# [Exercise requirements]
Quote all of the data that follows exactly as written, skipping the images.
[Start of section]
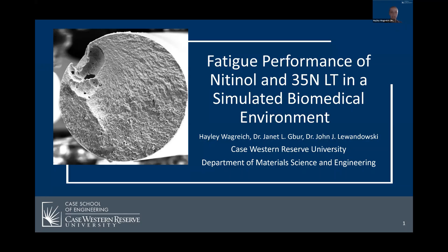Hello, my name is Hailey Wegrich and today I will be discussing the fatigue performance of nitinol and 35 NLT in a simulated biomedical environment. This research is in collaboration with Dr. Janet Al-Gabor and Dr. John J. Lewandowski at the Case Western Reserve University Department of Materials Science and Engineering.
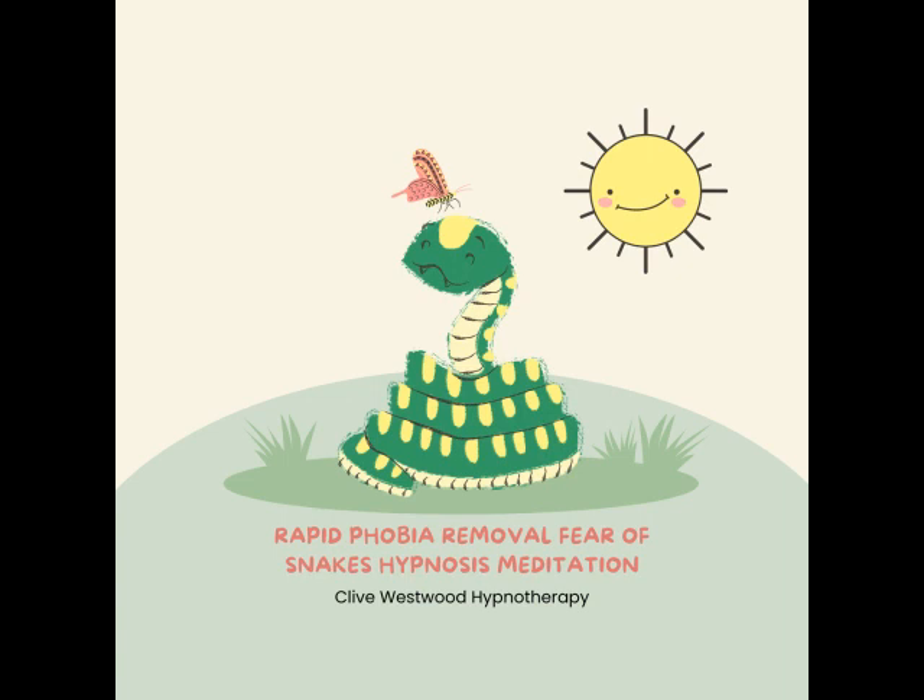With each breath that you take, allow yourself to relax deeper and deeper, each breath deeper and longer than the last. And with each breath you relax more and more — the more you relax, the better you feel, the more you allow yourself to relax.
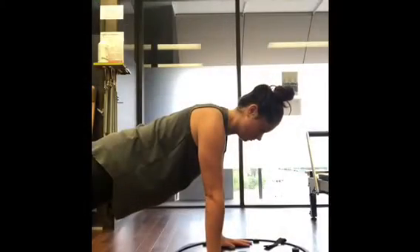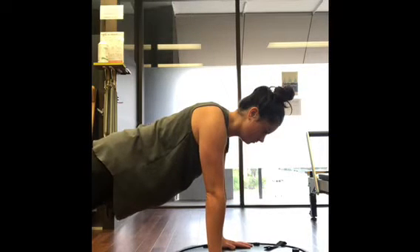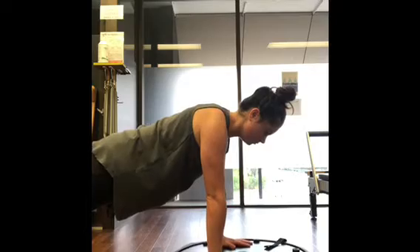A little bit more advanced is in a push-up position on a BOSU ball. You can push forward and backward, side to side, or just hold it. Again, a little bit more advanced, but building that proprioception into the shoulders.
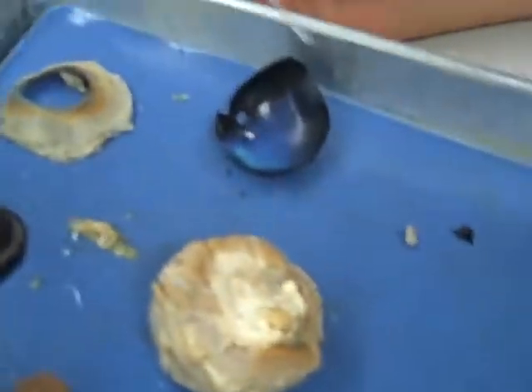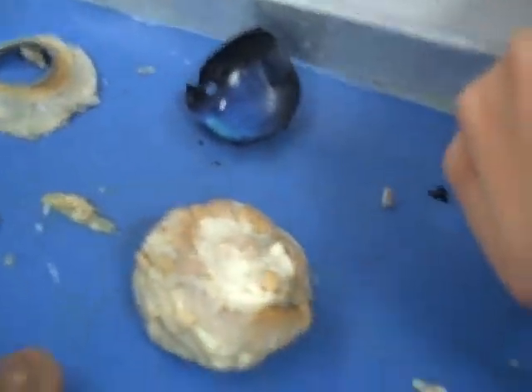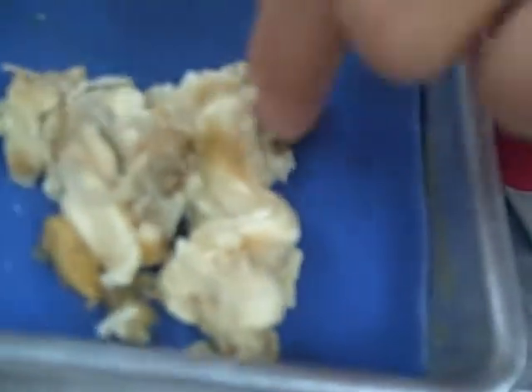Okay, this is our cow eye, and first we cut off all this fat stuff on the outside of the eye.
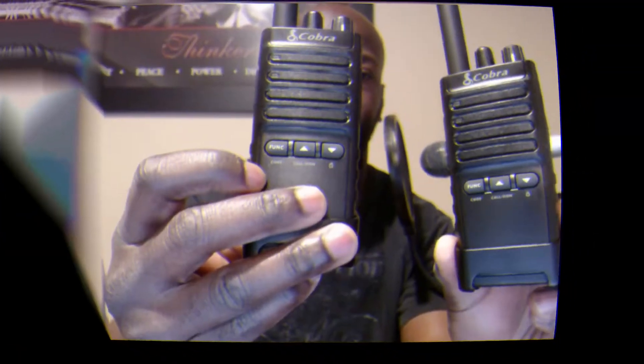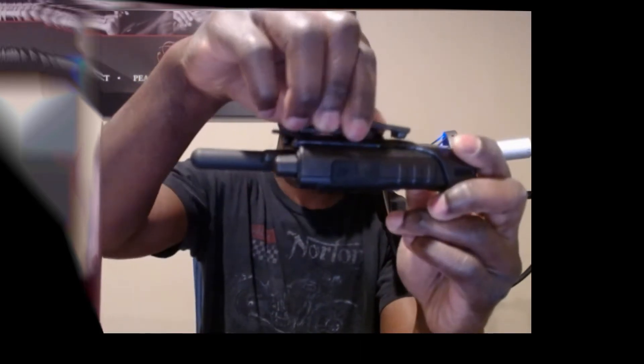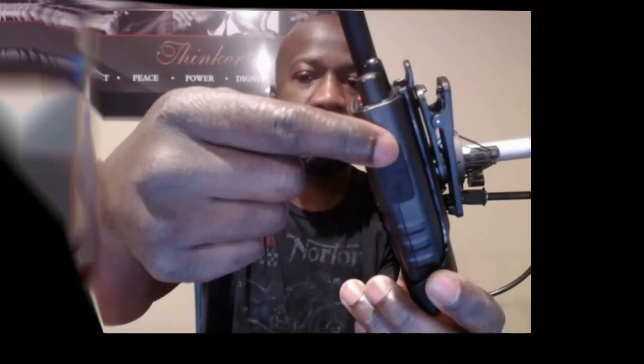Just take out the two radios here. You can see it has the privacy code test function here for your privacy codes, your volume to turn it on and off, and your channel selector. Of course your belt clip here — it's pretty cool, 180-degree rotation. Right here on the side you have your headset jack and your USB port, and your talk button. It's pretty sturdy, pretty well made.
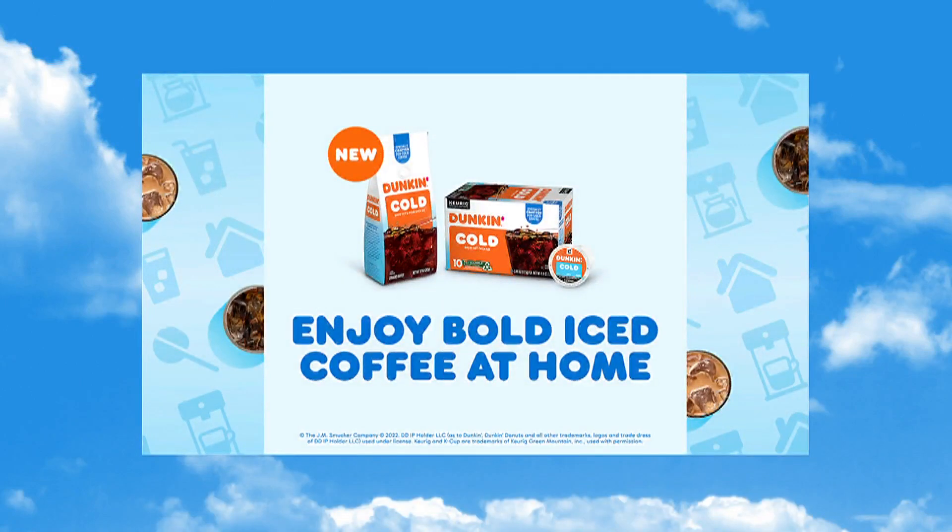Today's food segment is sponsored by Dunkin' — enjoy bold iced coffee at home. We get up so early around here, so it's not uncommon to see folks carrying around their morning mug of coffee. We love coffee, so here with hacks and recipes to elevate your morning beverages today is contributor Alejandra Ramos.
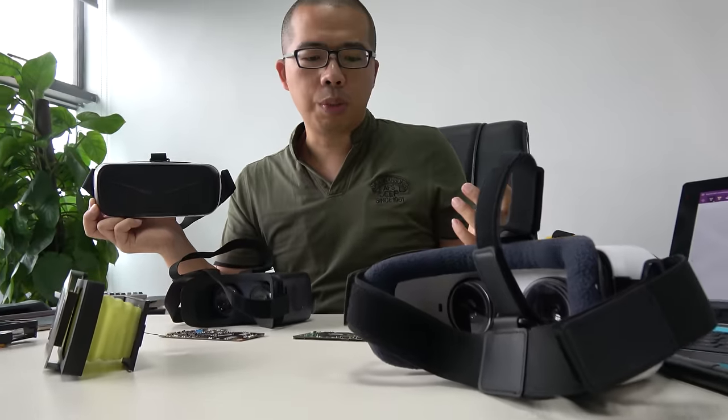We're here at Yoko and they have some new VR solutions. Hello everybody, I'm William — nice to meet you again. I'm the project manager of the Yoko Technology Company. Today I want to show you a lot of our VR products.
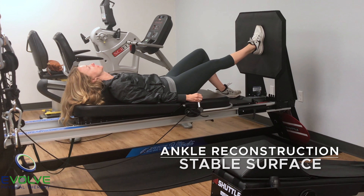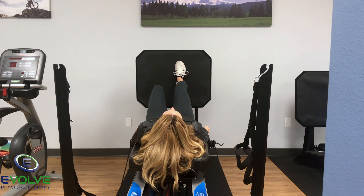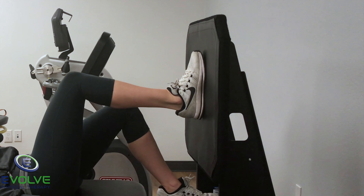The first exercise is the single leg press. Make sure the knee does not cave in. The goal is to keep the foot in constant contact with the kick plate throughout the entire exercise.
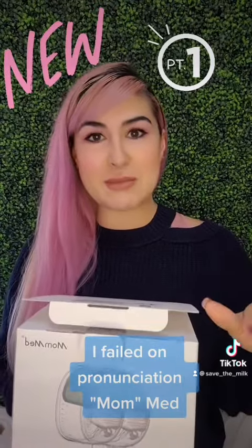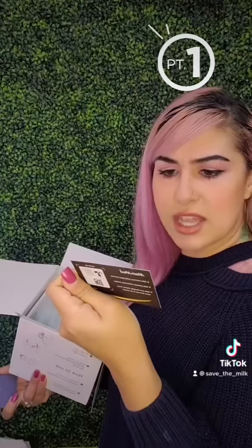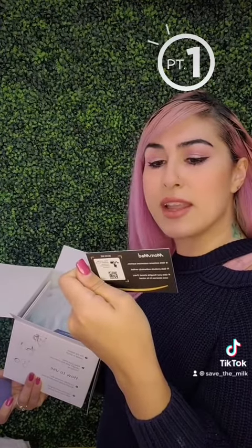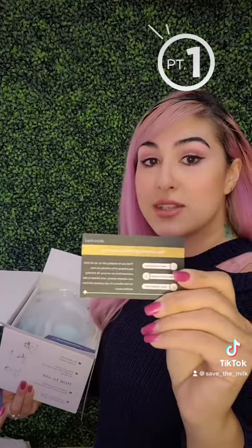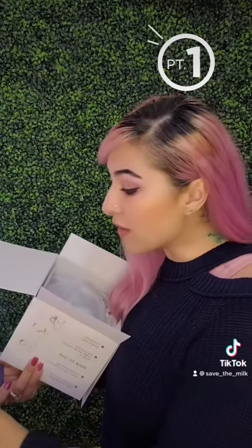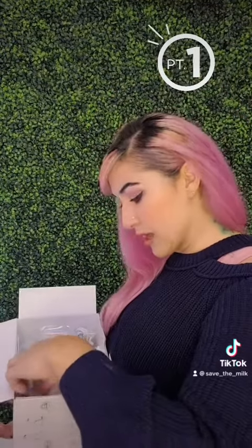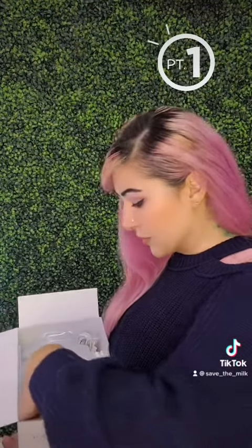Let's start with seeing what's inside. It looks like you can get a lifetime warranty — yeah, lifetime warranty on these mobile pumps. You really don't get that with any other pump. You can see here: 'activate your lifetime warranty.' I totally love this, this is cute.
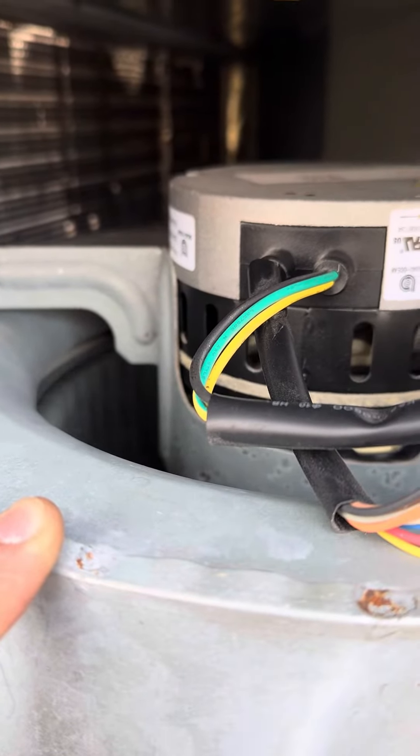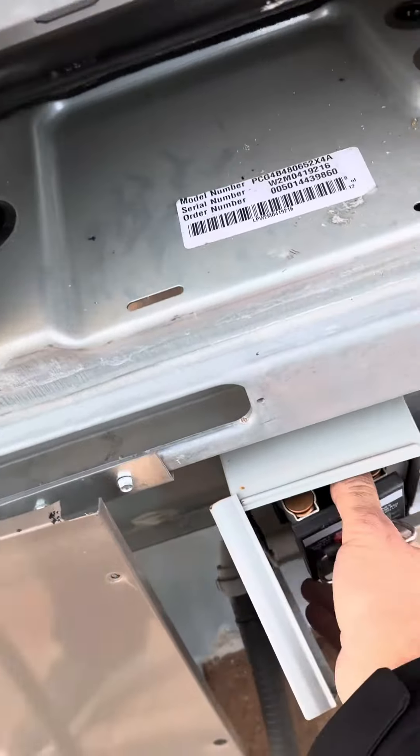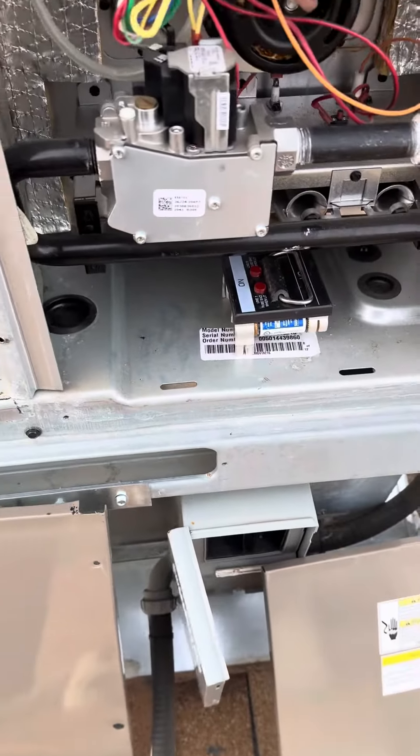Right when I was leaving, the fan stopped working — look at that. The fan motor just stopped. These ECM motors have electronic control in the back of them, and that was bad. Sometimes they're very expensive too. That's what's wrong with this unit — you see the fan motor stopped, the fan is on but the fan is stopped, so it's going to trip the system. There you go.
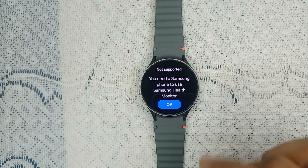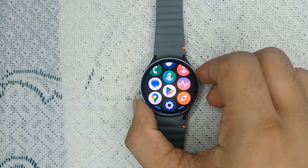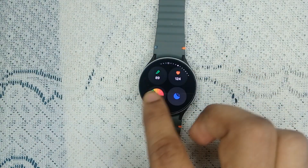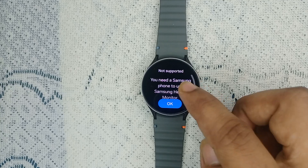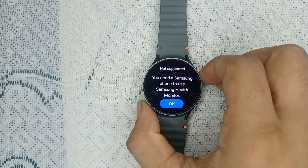Also, when you go to ECG mode — swipe right until you find ECG — and tap on 'Learn More', you will see a message that you need a Samsung phone to use Samsung Health Monitor. So be sure that you have a Samsung phone with the latest version, because previous versions do not support the ECG and Samsung Health Monitor feature.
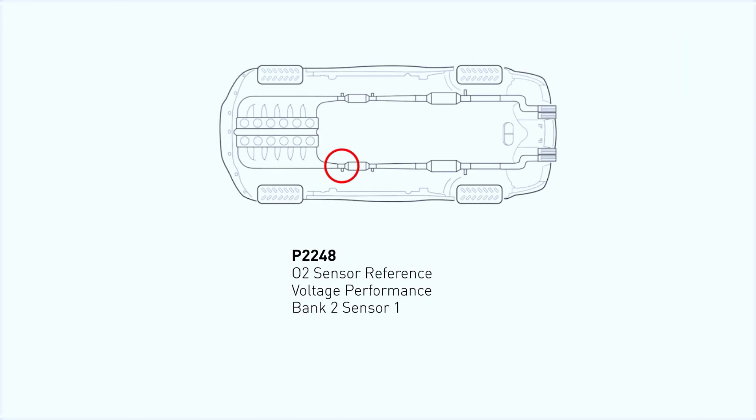P2248 means the reference voltage for the upstream oxygen sensor bank 2, sensor 1 is higher than expected. This sensor helps monitor your air-fuel mixture, so if it's not working properly, you might notice poor fuel economy, rough idling, or even engine hesitation.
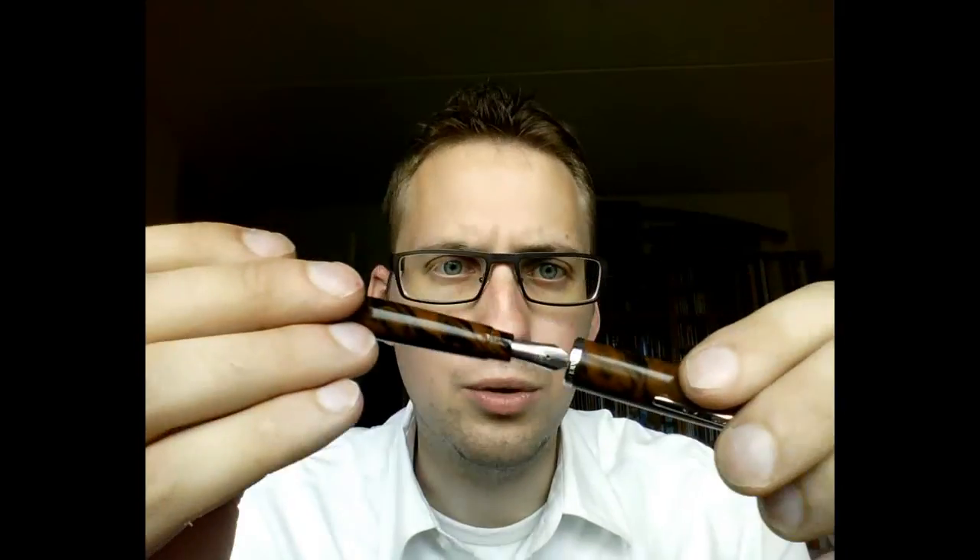$24 — again, that's great value for the quality you get. You get the point, right?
[End of section]
# [Answer section]
Hello, my name is Hailey Wegrich and today I will be discussing the fatigue performance of nitinol and 35 NLT in a simulated biomedical environment. This research is in collaboration with Dr. Janet Al-Gabor and Dr. John J. Lewandowski at the Case Western Reserve University Department of Materials Science and Engineering.
With each breath that you take, allow yourself to relax deeper and deeper, each breath deeper and longer than the last. And with each breath you relax more and more — the more you relax, the better you feel, the more you allow yourself to relax.
A little bit more advanced is in a push-up position on a BOSU ball. You can push forward and backward, side to side, or just hold it. Again, a little bit more advanced, but building that proprioception into the shoulders.
Okay, this is our cow eye, and first we cut off all this fat stuff on the outside of the eye.
Just take out the two radios here. You can see it has the privacy code test function here for your privacy codes, your volume to turn it on and off, and your channel selector. Of course your belt clip here — it's pretty cool, 180-degree rotation. Right here on the side you have your headset jack and your USB port, and your talk button. It's pretty sturdy, pretty well made.
Today's food segment is sponsored by Dunkin' — enjoy bold iced coffee at home. We get up so early around here, so it's not uncommon to see folks carrying around their morning mug of coffee. We love coffee, so here with hacks and recipes to elevate your morning beverages today is contributor Alejandra Ramos.
We're here at Yoko and they have some new VR solutions. Hello everybody, I'm William — nice to meet you again. I'm the project manager of the Yoko Technology Company. Today I want to show you a lot of our VR products.
The first exercise is the single leg press. Make sure the knee does not cave in. The goal is to keep the foot in constant contact with the kick plate throughout the entire exercise.
Let's start with seeing what's inside. It looks like you can get a lifetime warranty — yeah, lifetime warranty on these mobile pumps. You really don't get that with any other pump. You can see here: 'activate your lifetime warranty.' I totally love this, this is cute.
Right when I was leaving, the fan stopped working — look at that. The fan motor just stopped. These ECM motors have electronic control in the back of them, and that was bad. Sometimes they're very expensive too. That's what's wrong with this unit — you see the fan motor stopped, the fan is on but the fan is stopped, so it's going to trip the system. There you go.
Also, when you go to ECG mode — swipe right until you find ECG — and tap on 'Learn More', you will see a message that you need a Samsung phone to use Samsung Health Monitor. So be sure that you have a Samsung phone with the latest version, because previous versions do not support the ECG and Samsung Health Monitor feature.
P2248 means the reference voltage for the upstream oxygen sensor bank 2, sensor 1 is higher than expected. This sensor helps monitor your air-fuel mixture, so if it's not working properly, you might notice poor fuel economy, rough idling, or even engine hesitation.
$24 — again, that's great value for the quality you get. You get the point, right?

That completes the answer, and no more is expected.